While her early-career performances of the song are notable for being alternately searing and playful — it isn’t uncommon to revisit those shows and see Amos smirking at her crowd during some of the more unnerving lyrics — the song morphed into something far more sinister and discomfiting during 1996’s Dew Drop Inn tour. Over the course of some 150 dates, “Precious” became more and more untamed and saw the birth of a new strand of Amos’ ever-diversifying style: affectionately classified by fans as “Demon Tori,” it marked the arrival of the difficult-to-listen-to animalistic growl that replaced the word “girl” and the impossible-not-to-watch clawing of her thighs en route to her crotch. Coupled with a child-voiced Amos whispering “Wash me clean, Daddy” before barking the song to a close, these performances are, simply put, legendary. In 1998, the reinvention of the song with a band was favorably received, retaining all of its solo fire (and crotch grabbing) and gaining major percussive power. After closely following that arrangement for the better part of a decade, a more stately and wizened Amos changed it up for her 2009 Sinful Attraction tour, calling to focus a new instrumental call-and-response with her band as she geared up for the bridge, brilliantly allowing both artist and audience to breathe in a few moments of calm all knew would not last long. And in its most recent incarnation, accompanied by the Apollon Musagete Quartett, Amos and her cohorts finally achieved the song’s cinematic potential, her piano back at the forefront and shrill, wayward string plucks and moans insidiously getting under the skin of the song better than any guitar ever could.

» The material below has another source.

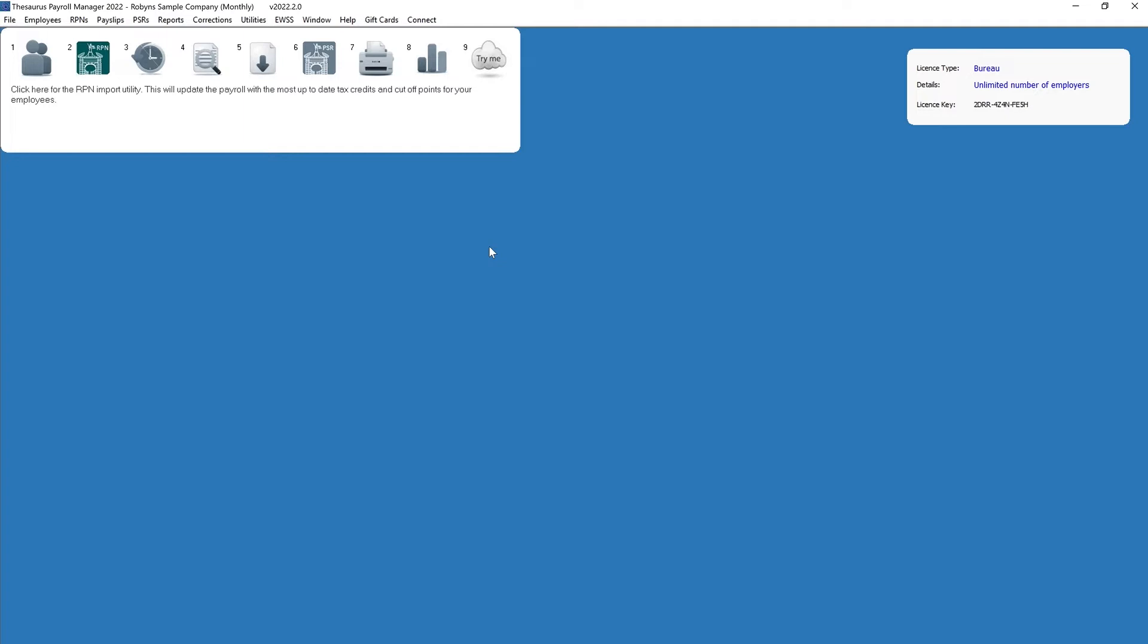Tesor's payroll manager caters for the processing of payroll on a weekly, monthly, or fortnightly basis. The process is similar for all those pay frequencies, so I'll be highlighting a monthly payroll throughout this video. You can enter an employee's pay in one of two ways: gross basis, which is paid before tax deductions, or net basis, which is take-home pay.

The three performances featured below serve as striking evidence that Amos nurtures rather than neglects her songs as they age, each successive performance expanding on the mythology and narrative of the world she’s created. Every time “Precious Things” find its way before an audience, Tori creates, and takes full advantage of, opportunities to realize the song’s ultimate purpose: looking back on the past, thorns and all, while defiantly pushing forward.